==== Entries supplied

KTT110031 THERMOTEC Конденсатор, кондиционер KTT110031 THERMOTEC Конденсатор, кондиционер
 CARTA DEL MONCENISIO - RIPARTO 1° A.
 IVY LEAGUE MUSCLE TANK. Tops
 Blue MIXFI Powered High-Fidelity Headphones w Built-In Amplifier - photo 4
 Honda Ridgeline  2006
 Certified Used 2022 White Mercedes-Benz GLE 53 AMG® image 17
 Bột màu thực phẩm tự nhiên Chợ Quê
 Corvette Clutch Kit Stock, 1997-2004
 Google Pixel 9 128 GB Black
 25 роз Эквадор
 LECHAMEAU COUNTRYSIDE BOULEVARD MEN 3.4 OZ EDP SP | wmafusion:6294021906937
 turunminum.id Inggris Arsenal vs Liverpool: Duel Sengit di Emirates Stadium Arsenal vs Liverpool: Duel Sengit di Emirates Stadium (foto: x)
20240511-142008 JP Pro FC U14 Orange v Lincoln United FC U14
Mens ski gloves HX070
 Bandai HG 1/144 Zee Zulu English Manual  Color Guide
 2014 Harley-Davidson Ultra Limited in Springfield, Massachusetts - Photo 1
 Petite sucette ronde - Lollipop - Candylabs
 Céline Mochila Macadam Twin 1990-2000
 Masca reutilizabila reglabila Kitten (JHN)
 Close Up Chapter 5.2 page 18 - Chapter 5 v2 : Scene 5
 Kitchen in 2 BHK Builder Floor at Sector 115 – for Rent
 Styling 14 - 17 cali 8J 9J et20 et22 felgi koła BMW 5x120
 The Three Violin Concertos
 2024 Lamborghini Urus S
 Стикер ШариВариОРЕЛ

========

▸ Activity
I need exact copies of the lines from the one holding "Bandai HG 1/144" through the end of the records above, and nothing beyond them.

▸ Solved problem
 Bandai HG 1/144 Zee Zulu English Manual  Color Guide
 2014 Harley-Davidson Ultra Limited in Springfield, Massachusetts - Photo 1
 Petite sucette ronde - Lollipop - Candylabs
 Céline Mochila Macadam Twin 1990-2000
 Masca reutilizabila reglabila Kitten (JHN)
 Close Up Chapter 5.2 page 18 - Chapter 5 v2 : Scene 5
 Kitchen in 2 BHK Builder Floor at Sector 115 – for Rent
 Styling 14 - 17 cali 8J 9J et20 et22 felgi koła BMW 5x120
 The Three Violin Concertos
 2024 Lamborghini Urus S
 Стикер ШариВариОРЕЛ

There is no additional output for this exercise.